A la rencontre d'Abdelwahab Sibaouaih, un collectionneur sahraoui atypique

© Houssam Hatim

Autour d’un thé sahraoui, Abdelwahab Siabaouaih, l’héritier de la bibliothèque du grand lettré Abdel Baqi Sibaouaih, nous parle de sa collection de manuscrits d’antan. L’occasion de revenir sur les origines de cette collection, l’héritage familial, Tombouctou et le Sahara. Rencontre.

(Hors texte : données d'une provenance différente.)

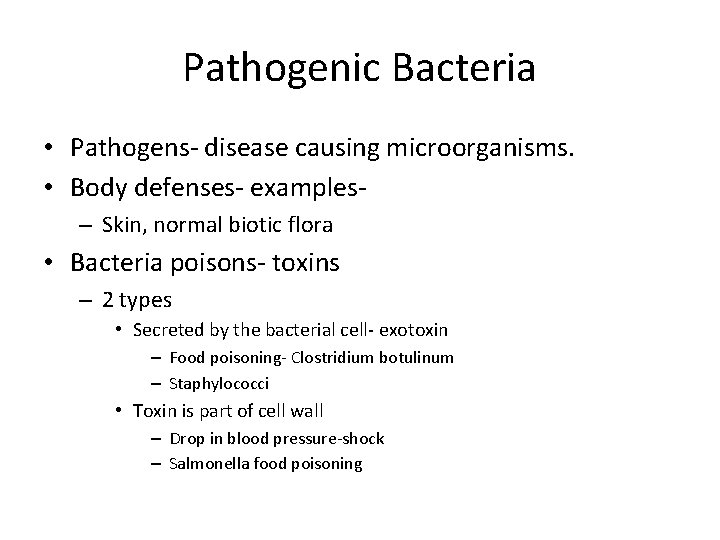 Pathogenic Bacteria • Pathogens- disease causing microorganisms. • Body defenses- examples– Skin, normal biotic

Tanger, centre culturel Ahmed Boukmakh. Le collectionneur Abdelwahab Sibaouaih, issu d’une grande tribu de lettrés du Sahara, nous reçoit dans sa tente pour parler de son exposition durant la deuxième édition du Festival international Ibn Battouta. La manifestation célèbre la richesse et la diversité de la culture marocaine sous le thème « Les voyageurs, ambassadeurs de la paix ».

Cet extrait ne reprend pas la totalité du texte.